Qualche giorno fa una bella signora è entrata in libreria per chiedermi se potevo consigliare una lettura sulla storia della Resistenza da far leggere a suo figlio, un ragazzo che frequenta le scuole medie e che voleva portare in classe qualcosa di diverso dai soliti testi, che potesse far sentire lui e i suoi compagni più vicini alle vicende della lotta partigiana. Io non ho avuto dubbi, e ho preso subito dagli scaffali la nuova edizione di Razza Partigiana. Storia di Giorgio Marincola (1924 – 1945), scritto da Carlo Costa e Lorenzo Teodonio, pubblicato da Iacobelli.
Giorgio Marincola era un ragazzo italiano che, durante la seconda guerra mondiale, abbracciò la causa della resistenza, divenne partigiano e, dopo tanti scontri con i nazifascisti, morì da eroe. Una storia non diversa da quelle di molti altri uomini tra le tante spezzate di quegli anni. Solo che Giorgio Marincola era meticcio, forse l’unico partigiano di colore della storia della resistenza italiana. E questo lo rende oggi più attuale che mai. La sua vicenda ha inizio in Somalia, quando nasce come figlio di un maresciallo dell’esercito che, insolitamente per le usanze del tempo, riconosce entrambi i figli nati da una relazione con una donna del posto, per poi portarli in Italia. Giorgio cresce con i parenti a Pizzo Calabro, e poi giunge a Roma dove frequenta il liceo. Qui ha come insegnante l’azionista Pilo Albertelli, poi ucciso alle Fosse Ardeatine, il cui esempio è fondamentale per l’evoluzione del suo desiderio di giustizia e libertà.
Dopo l’occupazione della capitale, Giorgio imbraccia il fucile e comincia a combattere, si sposta di fronte in fronte, quasi inseguendo i nemici e, all’arrivo degli Alleati, dopo un periodo di addestramento militare a Brindisi, si fa paracadutare dietro la linea Gotica, per continuare a combattere i nazifascisti sui territori ancora occupati.

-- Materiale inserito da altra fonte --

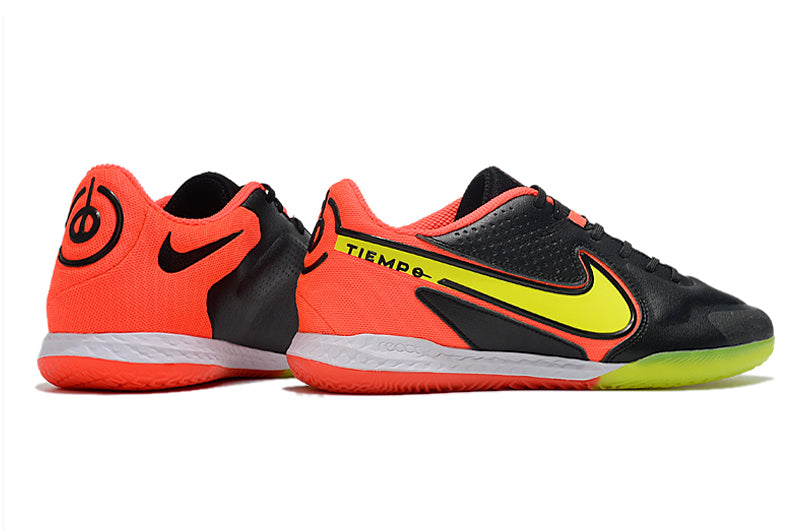 Chuteira Futsal Nike Tiempo Legend 9 Elite IC Preto, Laranja e Amarelo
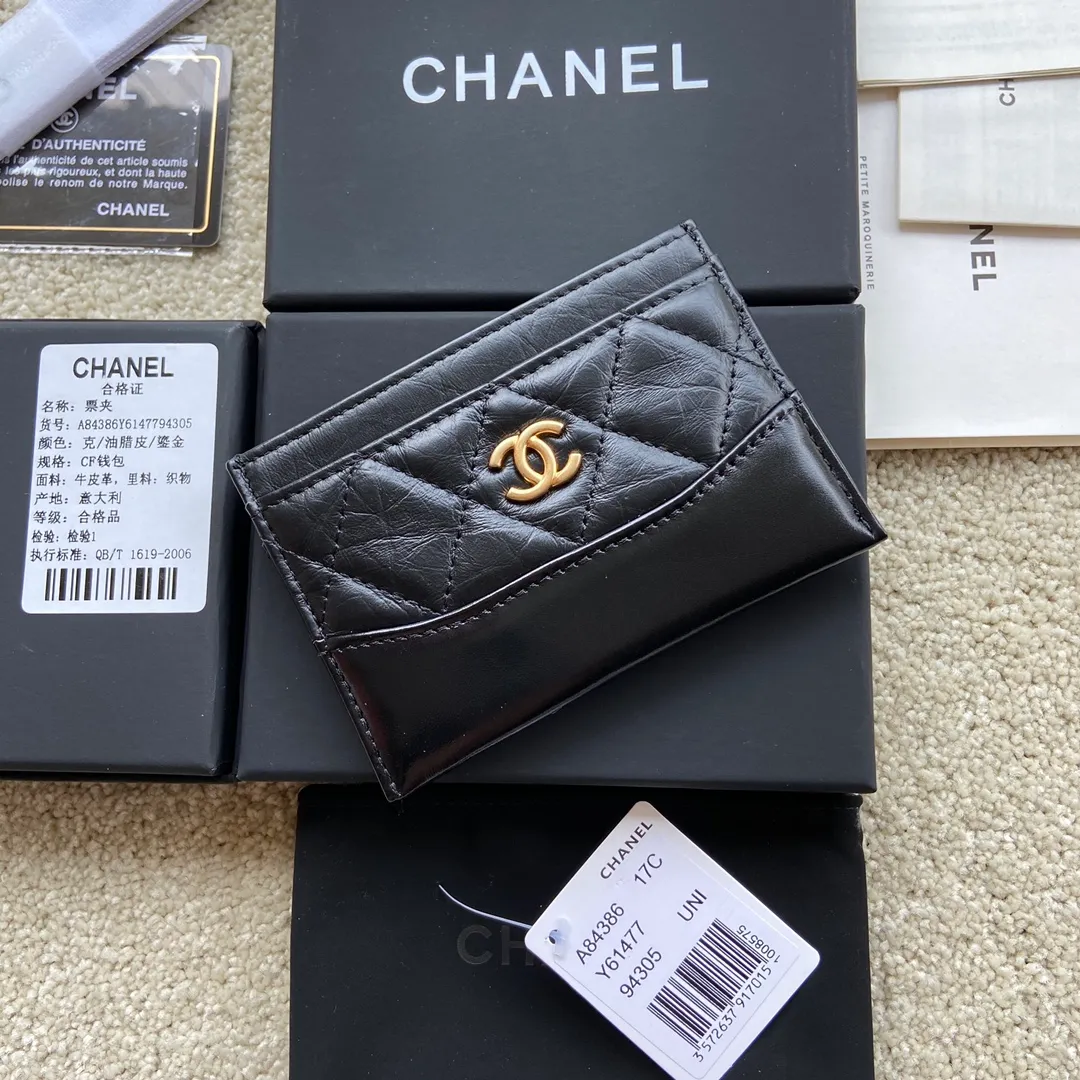 Xiaoxiang imported Italian leather Item number: 84386 Price: 260 Size: w11×h7.5cm Color: black gold hardware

Dopo alterne vicende, viene catturato e, come altri compagni, indotto con la violenza a rilasciare dichiarazioni fraudolente e miserabili a Radio Baita, una stazione che, attraverso la minaccia dei fucili e delle spranghe, cerca di dividere il fronte partigiano creando dissenso e disinformazione.

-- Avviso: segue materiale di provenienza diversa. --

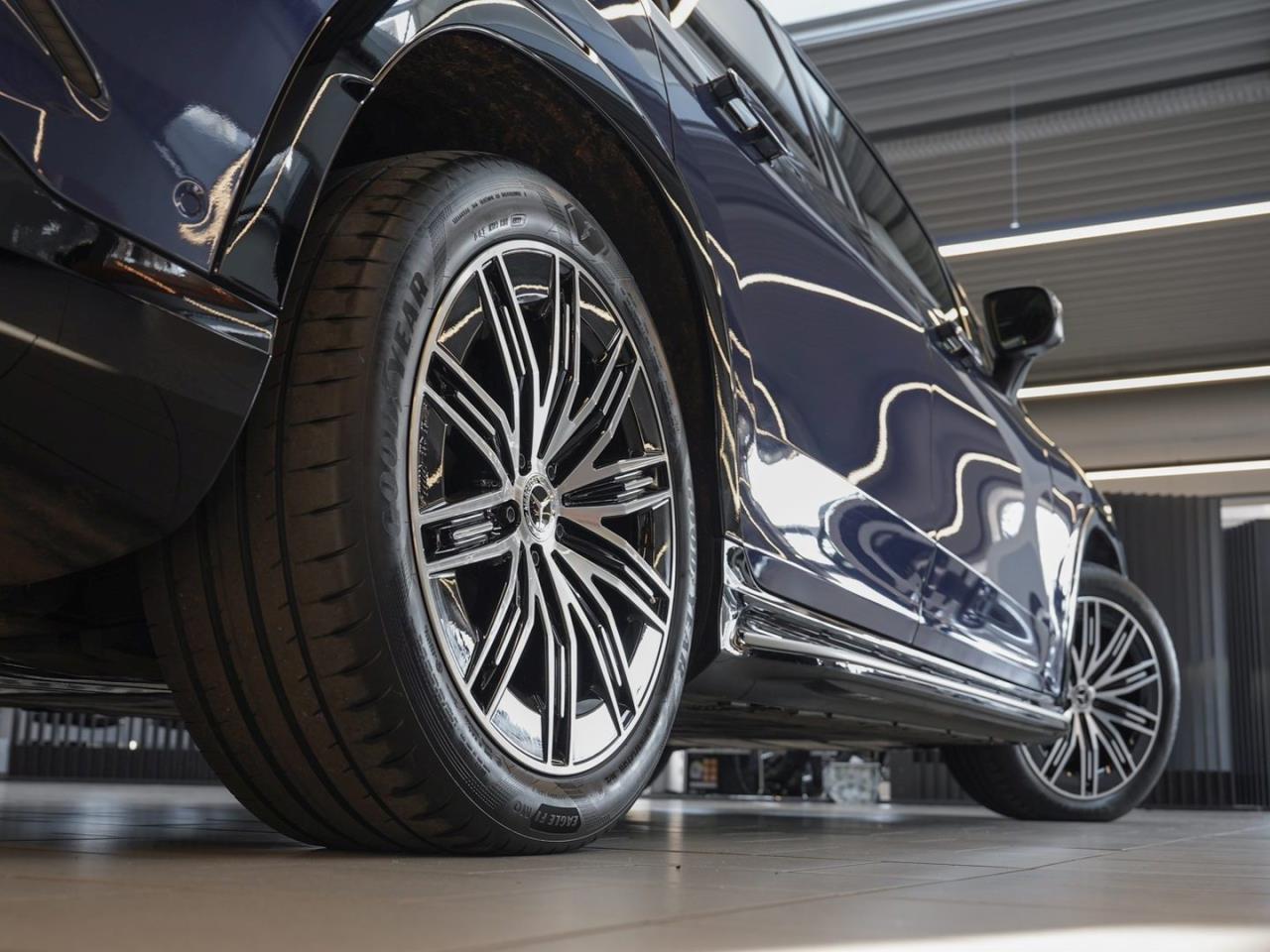 Mercedes-Benz EQS 450 4M SUV AMG Night Panorama SHZ-Fond 360°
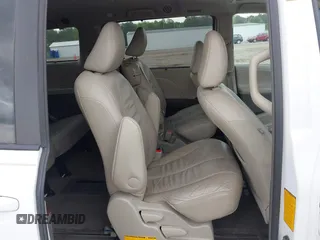 2011 Toyota Sienna XLE AAS with VIN 5TDYK3DC3BS161414, listed as a IAAI auction lot 41124705 with 167,364 mi miles. Bid and sale history available at carsss.com. Image 8.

Qui a volte anche le coscienze più solide si spaccano sotto i colpi della tortura, ma la risposta di Giorgio è ben diversa, e al microfono affida queste parole: “Sento la patria come una cultura e un sentimento di libertà, non come un colore qualsiasi sulla carta geografica… La patria non è identificabile con dittature simili a quella fascista. Patria significa libertà e giustizia per i popoli del mondo. Per questo combatto gli oppressori…” poi giù botte, e la trasmissione viene interrotta. Eppure Giorgio se la cava ancora, e viene successivamente di nuovo liberato. Siamo agli sgoccioli del conflitto, potrebbe riparare in Svizzera sui mezzi della Croce Rossa, ma lui si tiene in piedi, e vuole ancora combattere i nemici. Così muore nei giorni finali del conflitto, in uno scontro a fuoco con le SS a Stramentizzo in Trento, nell’ultima strage nazista sul suolo italiano, mentre alle sue spalle l’Italia può finalmente dirsi liberata.

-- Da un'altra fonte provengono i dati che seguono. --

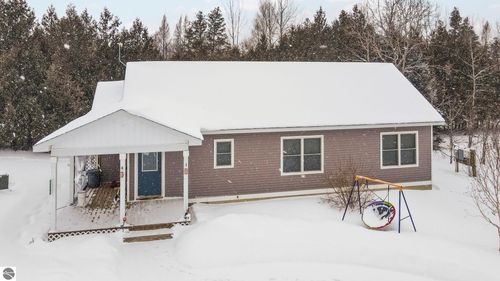 9550 N Manitou Trail, Northport, MI, 49670 | Card Image
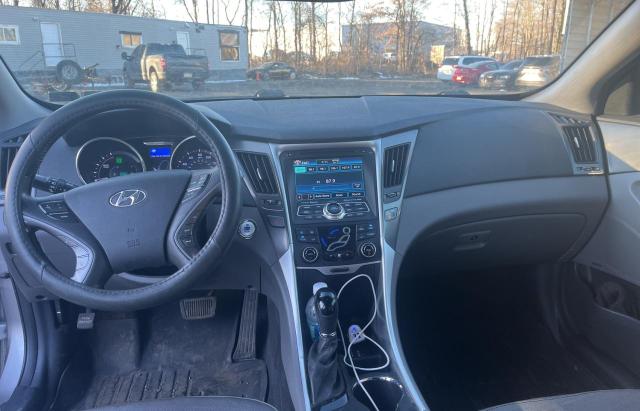 Photo 8 VIN: KMHEC4A45CA047797 - HYUNDAI SONATA 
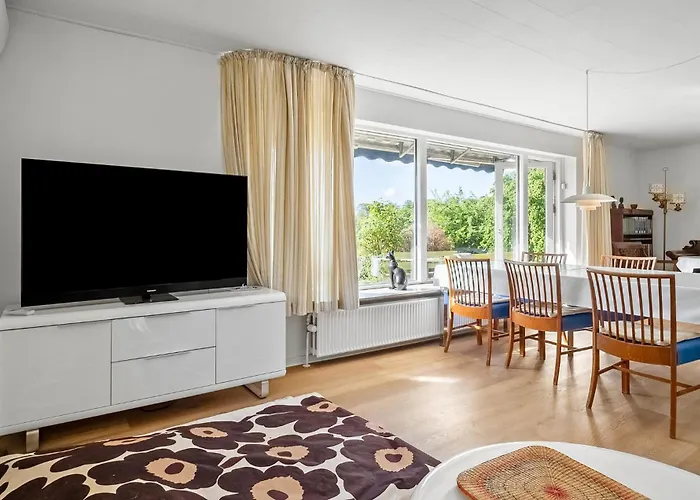 Lovely In With Wifi Ferienhaus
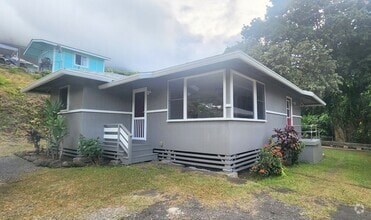 Building Photo - 41-978B Waikupanaha St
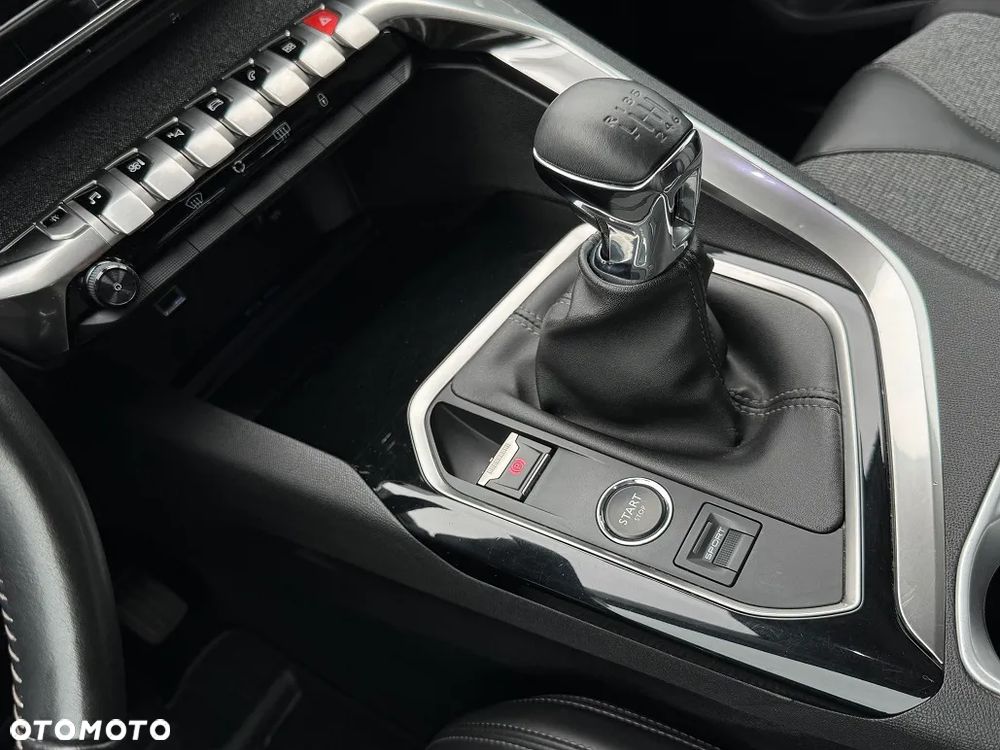 Peugeot 3008 BlueHDi 130 Stop & Start Allure - 22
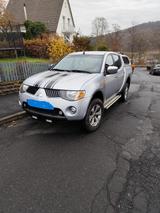 Mitsubishi L200 Pick-Up 2.5 D-ID 4WD *KLIM... - Mitsubishi Pick-up Diesel Gebrauchtwagen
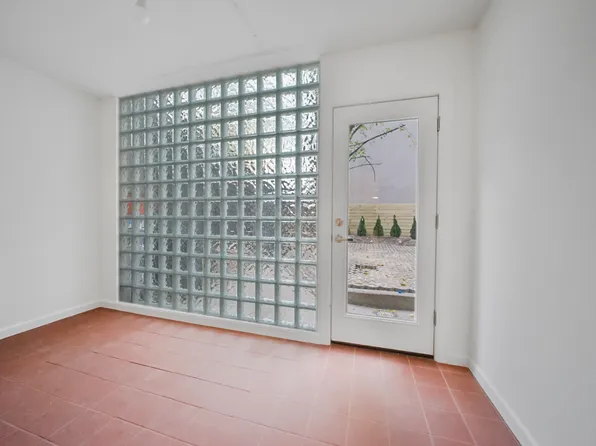 264 Berry Street image 5 of 10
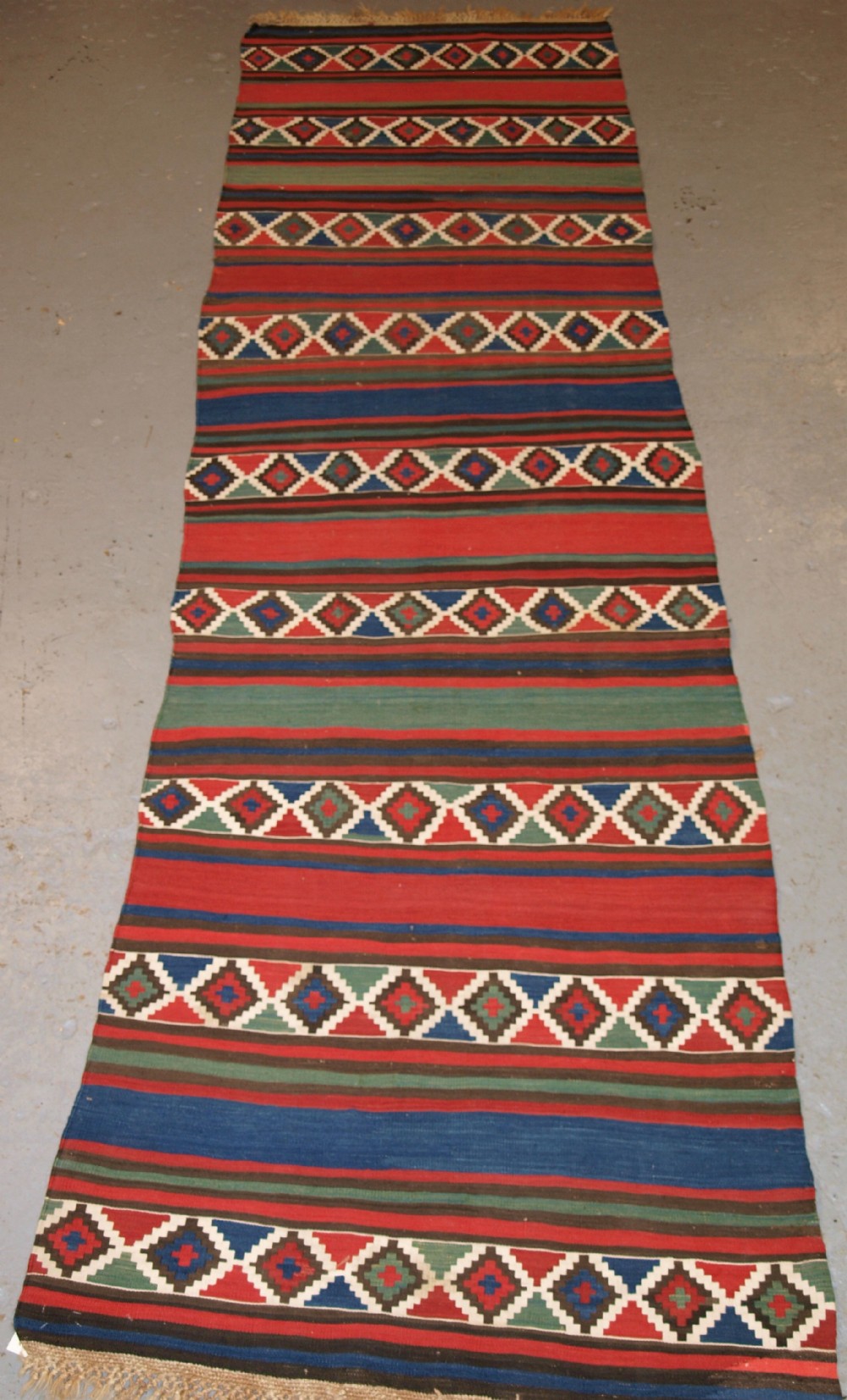 ANTIQUE CAUCASIAN SHIRVAN KILIM RUNNER, BANDED DESIGN, LATE 19TH CENTURY.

Razza Partigiana ha il merito di avere ricostruito una storia che, per molti anni, è rimasta impolverata e incerta e che oggi, soprattutto grazie all’impegno degli autori, ha fatto di Giorgio una figura centrale, evocativa e iconica della lotta partigiana. Intorno al lavoro di Costa e Teodonio si è poi sedimentato un gruppo di storici che hanno contribuito a diffondere e consolidare questa vicenda, nella quale è stato coinvolto anche Wu Ming 2, autore per Einaudi di Timira. Romanzo meticcio, in cui racconta la storia di Isabella, sorella di Giorgio e madre di Antar, coautore della storia. Grazie al loro impegno la storia di quel giovane ragazzo di colore che ha combattuto per la libertà d’Italia travalica la carta e rientra nelle aule, da quelle di Pizzo fino a Novara, e insieme ai giovani rinasce nei reading e negli incontri, per portare avanti non solo l’esplorazione di un metodo storiografico di ricerca, per il quale si rimanda al sito www.razzapartigiana.it, ma anche il senso di quella battaglia di giustizia e libertà che, nei giorni in cui sedicenti futuristi trovano il modo di far parlare delle loro azioni rovesciando chinotti su pile di fumetti satirici, sembra ancora fondamentale e attualissima. Buon 25 aprile a tutti. Tutti i giorni.